It Feels Different This Time—but It Probably Isn’t
No matter how often market volatility strikes, behavior can be hard to manage with amplified uncertainty.
Life—and investing—comes with its share of unpleasant realities. One of the most infamous of these is behind the latest reality that is roiling the markets: taxes.
Tariffs are taxes on American consumers. They’re a blunt policy tool, often ill-suited for addressing complex real-world problems. The administration’s steep and reckless tariffs have sent global markets into upheaval and have been termed “a self-inflicted catastrophe” by Morningstar’s senior US economist.
For investors accustomed to dealing with unpleasant facts, self-inflicted damage is particularly hard to understand and endure. Volatility in markets is expected and normal, but the current situation feels like neither.
Have We Learned Anything From Previous Market Volatility?
One would hope previous experiences with market volatility would prepare us for the next round.
After all, once we’ve heard an impactful story, we don’t tend to forget how it ends. However, it can be difficult to see how each round of volatility is the same story of typical market patterns when the inciting events seem so different. For example, in 2020, investors knew intellectually that they (and the markets) had survived the last round of market volatility, but they were sent reeling because they had never faced pandemic-fueled volatility before.
Because every round of volatility feels so different, we try to reconstruct the narrative when we encounter it. So, we start by asking, “Why is this happening?” and “What should I do?”
There are always different answers to the first question; some reasons for volatility are harder to make sense of than others. This “self-inflicted catastrophe” might be the hardest to swallow yet, but that doesn’t change the answer to, “What should I do?”
“For investors accustomed to dealing with unpleasant facts, self-inflicted damage is particularly hard to understand and endure. Volatility in markets is expected and normal, but the current situation feels like neither.”
Our Advice to Investors: Do What Feels Unnatural
Regardless of how different it feels this time, our guidance to investors remains the same:
- block out the noise,
- focus on your goals and what you have control over,
- don’t try to predict or time the markets, and
- stay the course.
From the standpoint of behavioral science, we know being an investor is hard. It requires people to do at least two somewhat unnatural things: delay gratification by saving instead of spending and embrace uncertainty.
Humans are not naturally wired for either of these approaches, so this requires practice and discipline. But although unnatural, saving and fortitude pay off in the long run as investors can build up wealth and make their money work for them.
Sure, the ride is not always smooth. But over the long run, economies grow, technology and trade develop, and an increasingly interconnected system emerges that creates widespread (but not evenly distributed) wealth with widespread benefits.
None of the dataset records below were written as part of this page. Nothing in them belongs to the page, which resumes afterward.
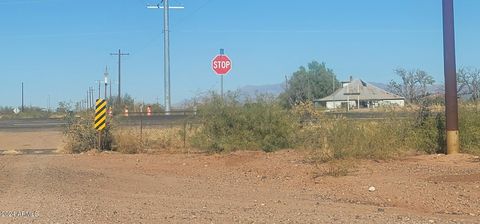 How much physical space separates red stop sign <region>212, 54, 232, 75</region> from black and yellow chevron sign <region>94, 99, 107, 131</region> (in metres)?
4.89

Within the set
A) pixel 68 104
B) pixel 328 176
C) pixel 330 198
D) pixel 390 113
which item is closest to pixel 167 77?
pixel 68 104

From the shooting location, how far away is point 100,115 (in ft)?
85.0

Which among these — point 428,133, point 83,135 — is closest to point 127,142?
point 83,135

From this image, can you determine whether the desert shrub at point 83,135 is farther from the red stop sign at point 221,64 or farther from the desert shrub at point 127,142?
the red stop sign at point 221,64

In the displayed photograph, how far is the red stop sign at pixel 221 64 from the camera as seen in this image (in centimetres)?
2665

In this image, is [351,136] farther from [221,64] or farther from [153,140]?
[153,140]

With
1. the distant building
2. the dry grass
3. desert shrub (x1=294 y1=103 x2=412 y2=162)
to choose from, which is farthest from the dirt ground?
the distant building

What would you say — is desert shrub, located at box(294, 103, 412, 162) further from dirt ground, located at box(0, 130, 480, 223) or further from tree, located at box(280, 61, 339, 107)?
tree, located at box(280, 61, 339, 107)

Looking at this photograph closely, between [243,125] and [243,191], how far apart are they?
9.80m

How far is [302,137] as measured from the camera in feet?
74.8

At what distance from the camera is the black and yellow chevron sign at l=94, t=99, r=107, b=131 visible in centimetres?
2581

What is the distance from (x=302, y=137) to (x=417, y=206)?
37.9ft

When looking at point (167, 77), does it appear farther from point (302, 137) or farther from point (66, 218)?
point (66, 218)

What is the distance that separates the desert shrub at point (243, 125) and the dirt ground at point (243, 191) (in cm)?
201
Huge tax increases are disruptive to that progress and have understandably shaken investors’ confidence, creating the increase in uncertainty. (The last time a de facto massive national tax increase was tried in the US was in 1933, and its effects just deepened and prolonged the Great Depression, disrupting economic progress, to say the least.)
Yet, our guidance stands the same as ever because even though it feels different this time, it likely is not. Market volatility is inherent in investing, regardless of its source. We’ve endured volatility before, and evidence repeatedly shows that trying to time the market by making exits and entries underperforms staying the course.
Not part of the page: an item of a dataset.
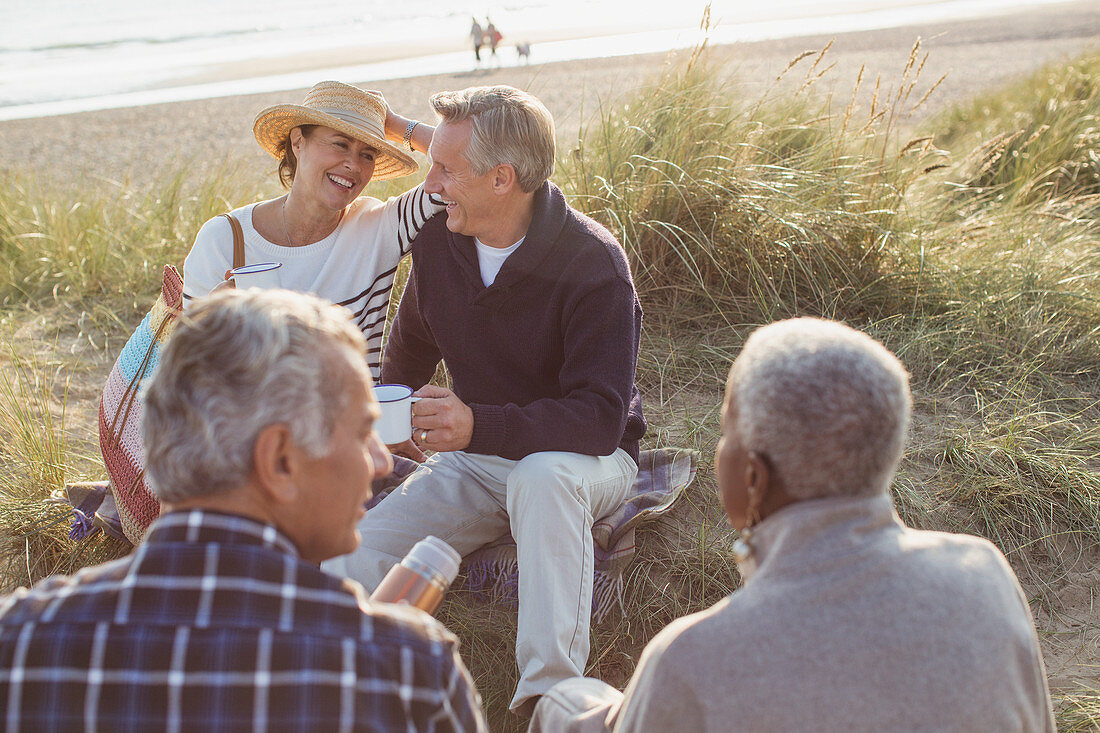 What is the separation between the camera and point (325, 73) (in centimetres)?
1925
Right now, investors are asking themselves difficult questions. What is the administration thinking? How will the markets and other countries react? What is a narrative that ties all of this together? What will happen next? People want to understand the story they’re in so they can feel confident about their actions. Here, the reality may be that this story is not as simple as we’d like, but in any case, the best action is to hold tight.
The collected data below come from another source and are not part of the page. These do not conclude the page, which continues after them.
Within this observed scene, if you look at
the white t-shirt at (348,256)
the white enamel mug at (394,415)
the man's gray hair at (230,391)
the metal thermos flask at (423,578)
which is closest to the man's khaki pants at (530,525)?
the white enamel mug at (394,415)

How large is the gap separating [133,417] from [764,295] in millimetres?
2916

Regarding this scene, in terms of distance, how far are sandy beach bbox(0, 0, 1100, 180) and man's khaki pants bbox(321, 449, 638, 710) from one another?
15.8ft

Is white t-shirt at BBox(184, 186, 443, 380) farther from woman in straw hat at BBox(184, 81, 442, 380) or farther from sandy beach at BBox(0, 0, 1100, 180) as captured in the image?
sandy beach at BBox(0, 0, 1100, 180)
As for what’s going to happen next, we don’t know. Nor does anyone else, really. But it’s worth remembering that good investing is not about having a crystal ball and knowing what will happen next.
Investing is, as it always has been, about having discipline, finding value, seeking diversification, and having the tenacity to endure the inescapable uncertainty of investing and take a long-term perspective.
We don’t know exactly how artificial intelligence technology will disrupt labor markets, or how climate change will affect weather and food production, or how a nascent virus mutation will manifest and disturb transportation networks, or even what the current administration will do next. But the long-term principles of investing remain the same, even in the face of amplified (and self-inflicted) uncertainty.